2.6. Experimental Setup

The experimental setup is illustrated in Figure 1A, and the experiments were perfomed under room temperature. The cells and DMSO solutions were loaded into 3 mL syringes (BD plastic) and connected to the device with Tygon tubings (John Morris, Sydney, Australia). Two syringe pumps (Fusion Touch, Chemyx Inc., Stafford, TX, USA) were used to hold these two syringes separately, and the flow rate ratio was fixed to 9 to 1 for cells and DMSO syringes. The cells were collected from the outlet by a cryopreservation tube and placed in Mr. Frosty (Sigma Aldrich, Sydney, Australia) inside the −80 °C freezer immediately. This allowed the temperature of the sample to decrease in a controlled rate. Five control groups were made by adding and pipetting 100 µL of DMSO in 900 µL cells in fresh culture media. One group was put into Mr. Frosty (Thermo Scientific, Waltham, MA, USA) immediately after mixing, two groups were left at room temperature (RT) for 30 min and 60 min, and the last two groups were left in a 4 °C fridge for 30 min and 60 min before being put into Mr. Frosty.

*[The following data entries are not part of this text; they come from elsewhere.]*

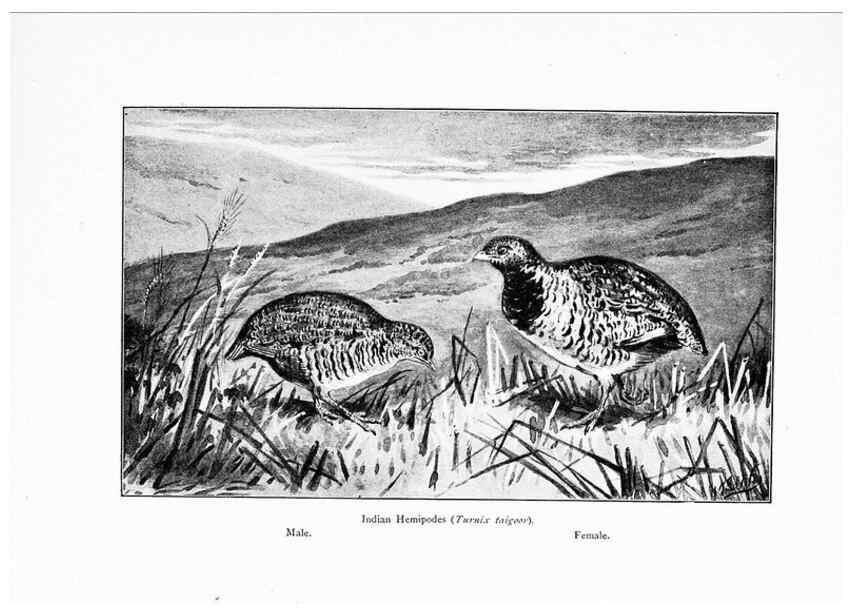 Reproducción/Reproduction 7995798764: Wonders of the bird world,. New York,Frederick A. Stokes company,[1921]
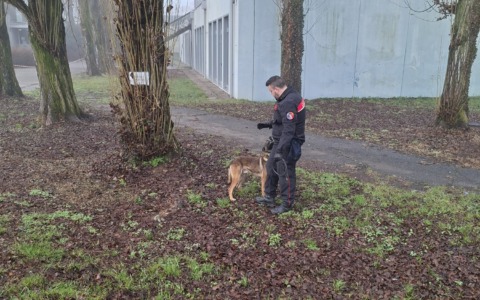 Controlli antidroga con i cani al Fermi di Arona: esito negativo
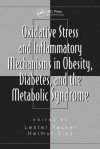 Oxidative Stress and Inflammatory Mechanisms in Obesity, Diabetes, and the Metabolic Syndrome - Lester Packer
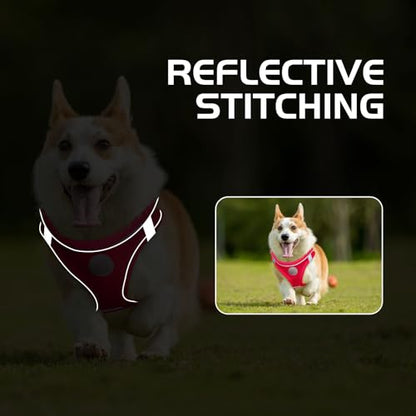 Soft Mesh Dog Harness and Leash Set, No Pull Puppy Harness and Leash Set, Reflective Step in Harness for Small Medium Dogs, Easy Walk Escape Proof Vest Harnesses (Rose Red, XXS) - color: Rose Red, size: XXS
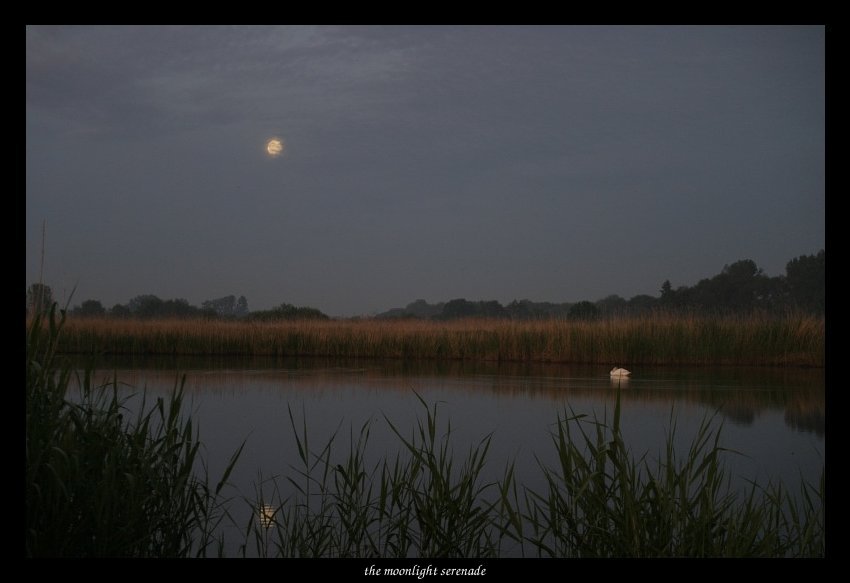 the moonlight serenade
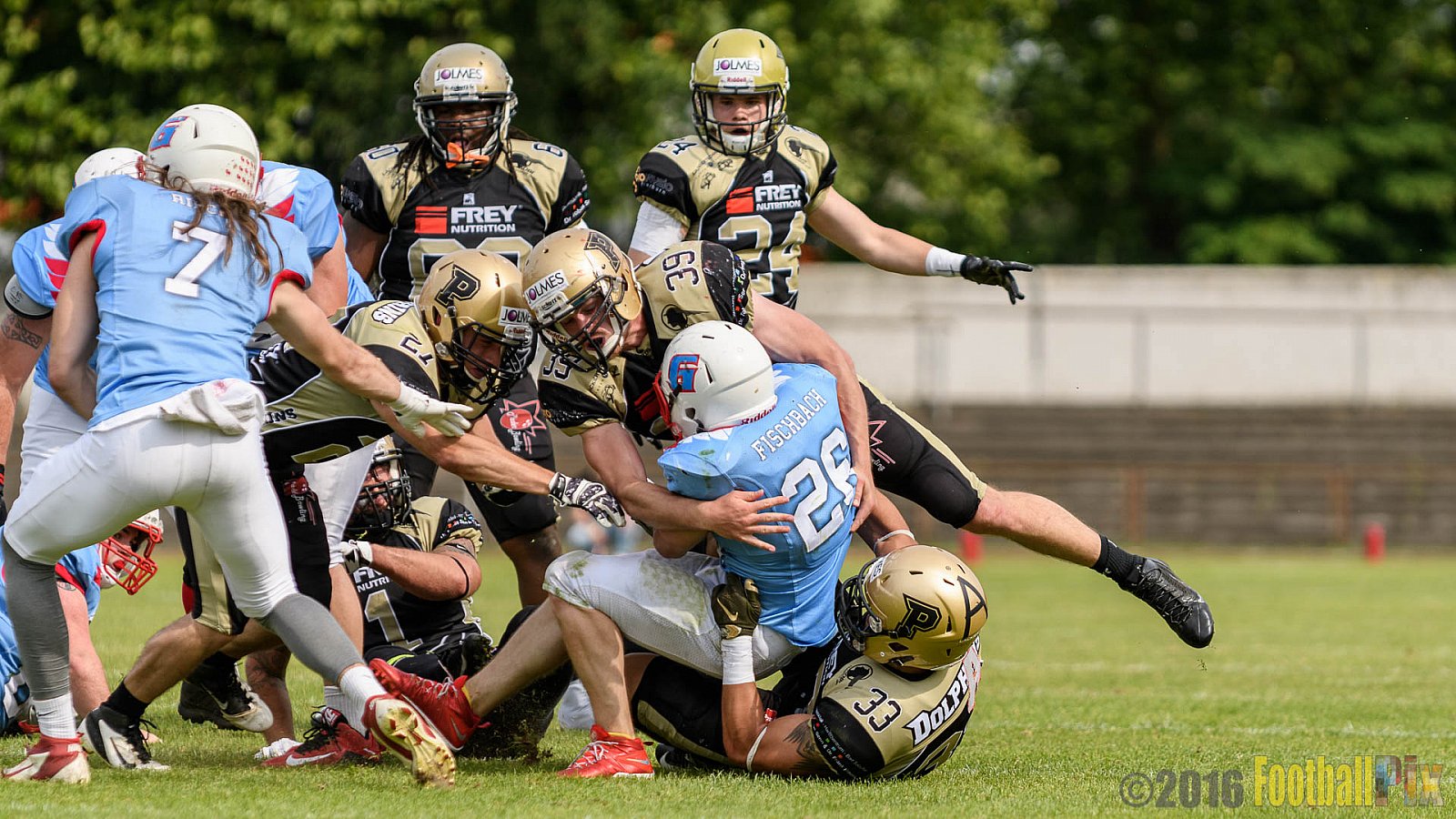  Bonn Gamecocks vs. Paderborn Dolphins - 11.06.2016 GFL2: Bonn Gamecocks vs. Paderborn Dolphins (37:40)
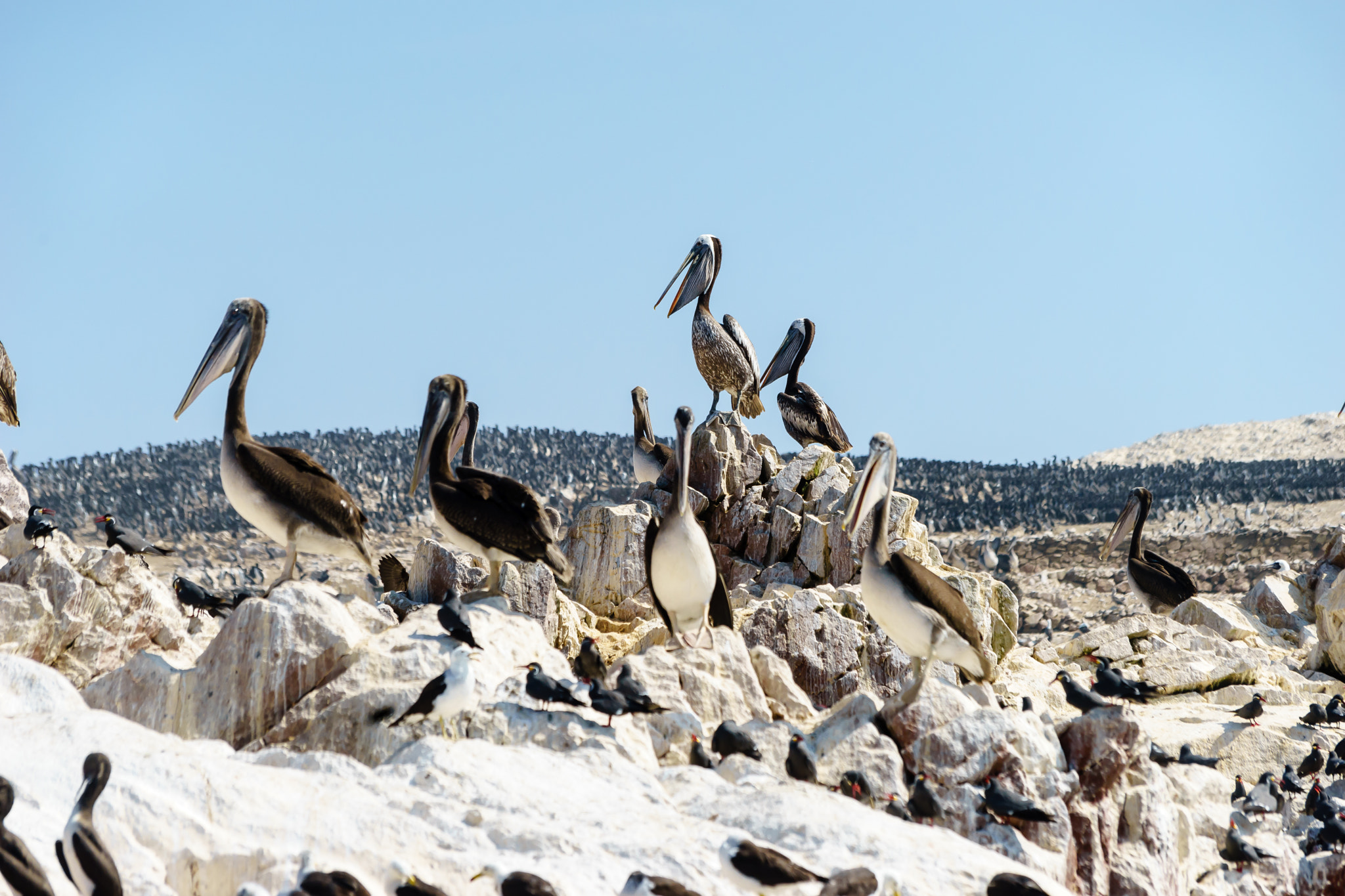 Canon EF 70-300mm F4-5.6 IS USM sample photo. Pelicans 3 photography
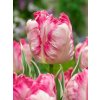 SILVER PARROT - PAPOUŠKOVITÝ RŮŽOVÝ TULIPÁN (Množství cibulek v jednom balení 5 ks)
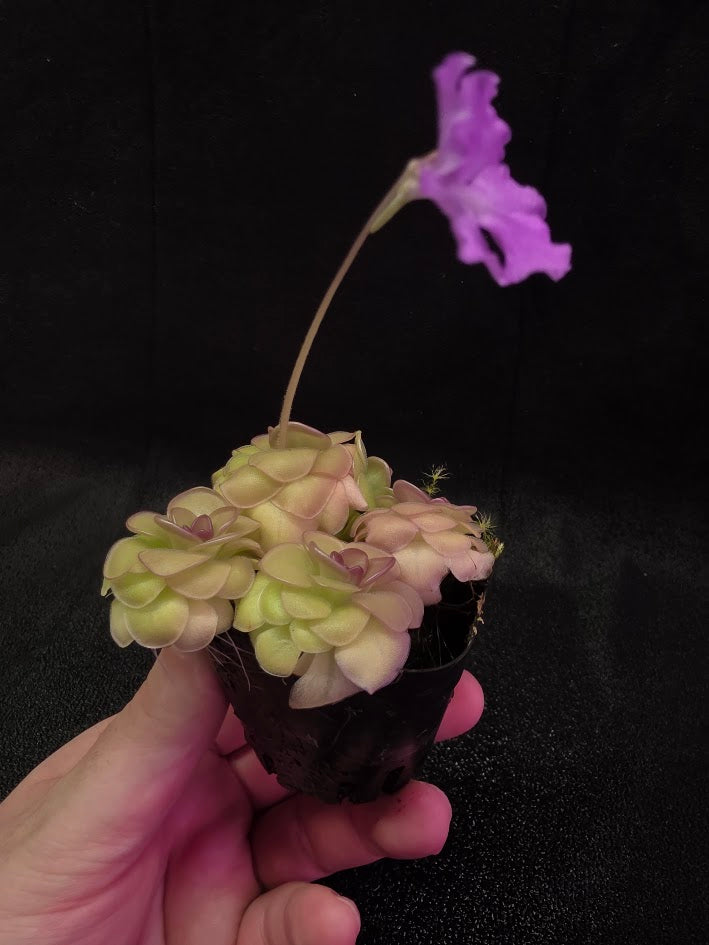 Pinguicula Hanka #04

This was to mimic the cell damage caused by long-term incubation with DMSO. All groups of cells were left in the freezer for one week before thawing for cell characterisations.

2.7. Cell Characterisations

The cells were defrosted by the standard rapid thawing method, which was to place and stir the tubes in a 37 °C water bath until defrosted [26]. The cryopreserved cells were characterised by their post-thaw viability, growth rate, morphology, stem cell surface marker staining, trilineage differentiation, and immunoproteins staining. The thawed cells were stained with live and dead staining (Abcam, Cambridge, UK) for 10 min in a dark room and proceeded through a flow cytometer to evaluate the viability. To assess the growth rate, the thawed cells were seeded in a 6-well plate at a concentration of 10,000 cells/mL and the media was replaced the next day to wash off dead cells. Images of 5 random positions in each well were taken every day to measure the cell doubling time, and, three days later, the cells were stained with live and dead staining. Fluorescent pictures were taken by an IX 70 fluorescent microscope (Olympus, Tokyo, Japan).

To confirm the stem cell properties via surface marker staining, the thawed cells were harvested by TrypLE after culturing and passaging three times. They were washed by DPBS twice, and fixed with 100 µL methanol (Sigma Aldrich, Sydney, Australia) in a −20 °C freezer for 10 min. After that, the cells were washed twice with DPBS and resuspended in 100 µL DPBS with 10 µL anti-CD73-FITC, anti-90-FITC, and anti-105-PE antibodies (miltenyi biotec, Sydney, Australia) and incubated at a 4 °C fridge for 1 h, according to the manufacturer’s protocol. Then the cells were proceeded through a CytoFLEX LX flow cytometer and the results were analysed in CytExpert (Beckman Coulter, Brea, CA, USA).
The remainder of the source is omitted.